It's time for the highly touted linebacker prospect from Miami, Fla., to take what he learned while redshirting last season and become a leader on an Ohio State defense that will be looking for several new commanders this fall.
"That's the role everyone wants to be in," Sabino said about emerging as a leader. "As far as my role changing, I just feel like I need to step up. I've been here for a while, and I haven't done what I wanted to do yet. I want to help this team win. That's where my mind is right now."
Sabino has had plenty of time to think about his new opportunity. He battled Andrew Sweat last August for the right to take the open strongside (Sam) linebacker position alongside weakside (Will) linebacker Ross Homan and middle (Mike) linebacker Brian Rolle. Sweat won the position, and Sabino chose to accept a redshirt season.
While the Buckeyes went on to share yet another Big Ten title and defeat Arkansas in the Sugar Bowl, Sabino was on the sidelines.
"It was extremely difficult," Sabino said. "I would say it was probably one of the hardest years of my life."
Sabino did not sit around and mope about his fate, however. Instead he focused his energies on not only learning more about playing linebacker but learning more about Ohio State's entire defense. He spent extra time in the film room, in the weight room and among then-teammates Rolle and Homan learning everything he could.
"I think I really got a better grasp on the defense as a whole," Sabino said. "Like what the safeties are doing, what the defensive line is doing in front of you, what the corners have to do."
Sweat said he was impressed by the way Sabino handled not playing last season, something Sweat knew a little something about after missing several games in 2009 after suffering a knee injury.
"It's extremely difficult (to sit out), and I can relate because I tore my ACL my sophomore year and you just stand there on the sideline watching. It is very hard because it's like you're not really a part of the defense.
"I know how hard it was for Etienne last year, but he had a great attitude about it. He got better last year and he's ready to excel this year."

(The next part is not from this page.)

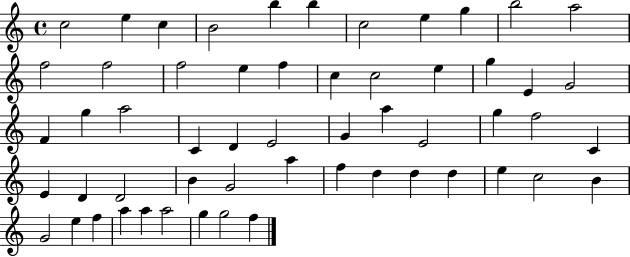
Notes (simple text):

C5/h E5/q C5/q B4/h B5/q B5/q C5/h E5/q G5/q B5/h A5/h F5/h F5/h F5/h E5/q F5/q C5/q C5/h E5/q G5/q E4/q G4/h F4/q G5/q A5/h C4/q D4/q E4/h G4/q A5/q E4/h G5/q F5/h C4/q E4/q D4/q D4/h B4/q G4/h A5/q F5/q D5/q D5/q D5/q E5/q C5/h B4/q G4/h E5/q F5/q A5/q A5/q A5/h G5/q G5/h F5/q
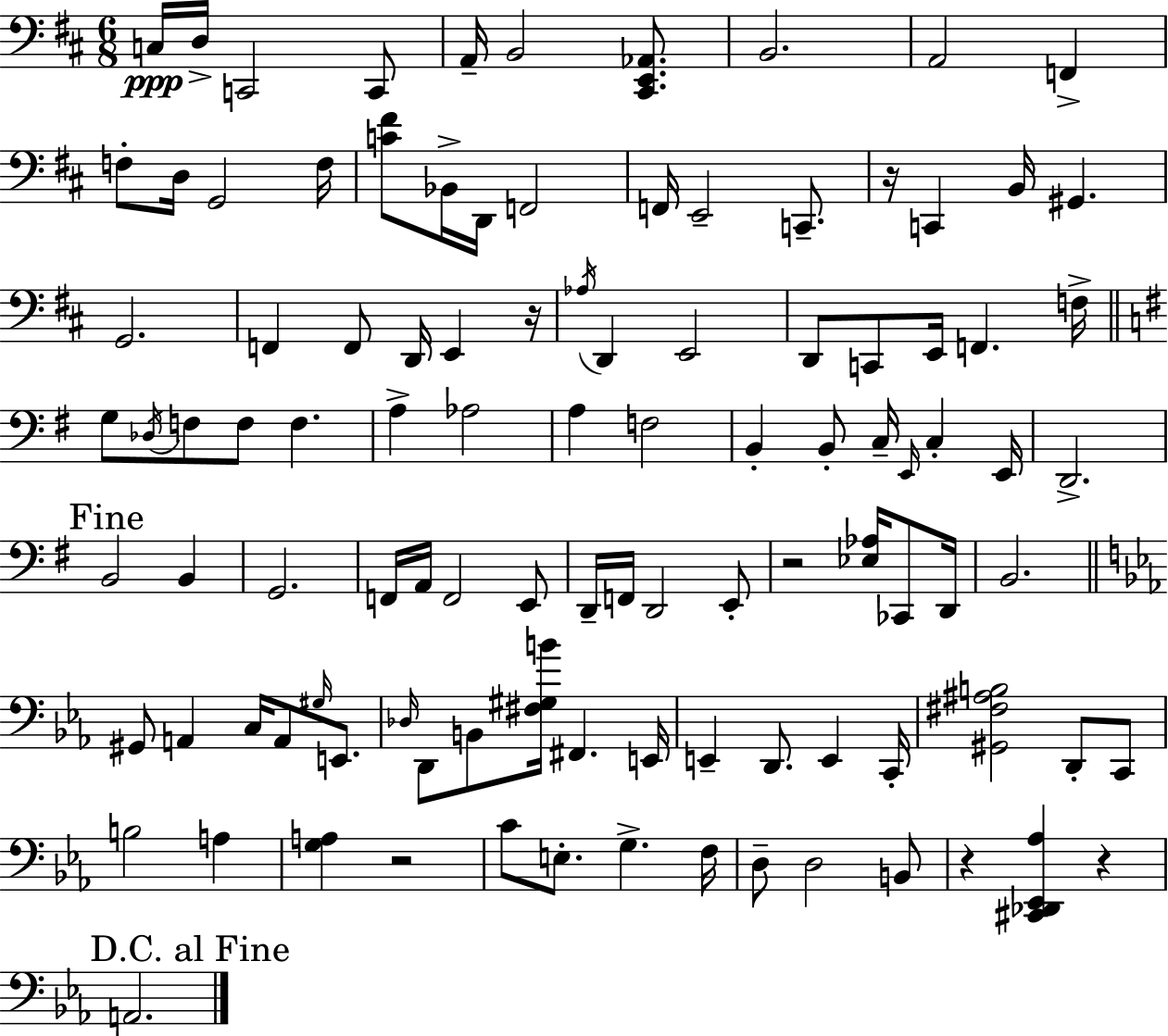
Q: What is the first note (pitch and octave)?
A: C3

The added knowledge Sabino gained while sitting out has already paid dividends for the former five-star prospect from Miami (Fla.) Dr. Krop. Sabino has uttered the phrase many players say when the proverbial light comes on before a big season: The game has slowed down.
"When you're not out there thinking, you're just reacting," he said. "You know what you have to do. You know what the guys in front you have to do. You can expect to know where the ball is going. … It just helps your overall game and your overall football knowledge."
In addition to being a smarter and more instinctual player, Sabino is also a physically bigger player. He said Saturday that he is up to 248 pounds, up from his listed weight of 240 last season.
Sabino has no regrets about missing the 2010 season, calling it something that benefited not only him but the Buckeyes as a team. Sabino will have two years of eligibility remaining when the season begins this fall.
Sabino will go into preseason camp in August as one of Ohio State's starting linebackers. What position he will play, however, has not been determined.
No matter where he'll line up, Sabino is ready for the 2011 season to begin.
"Right now is probably the best I've felt," he said.
That's some news Ohio State fans will enjoy hearing. It is Sabino's time after all.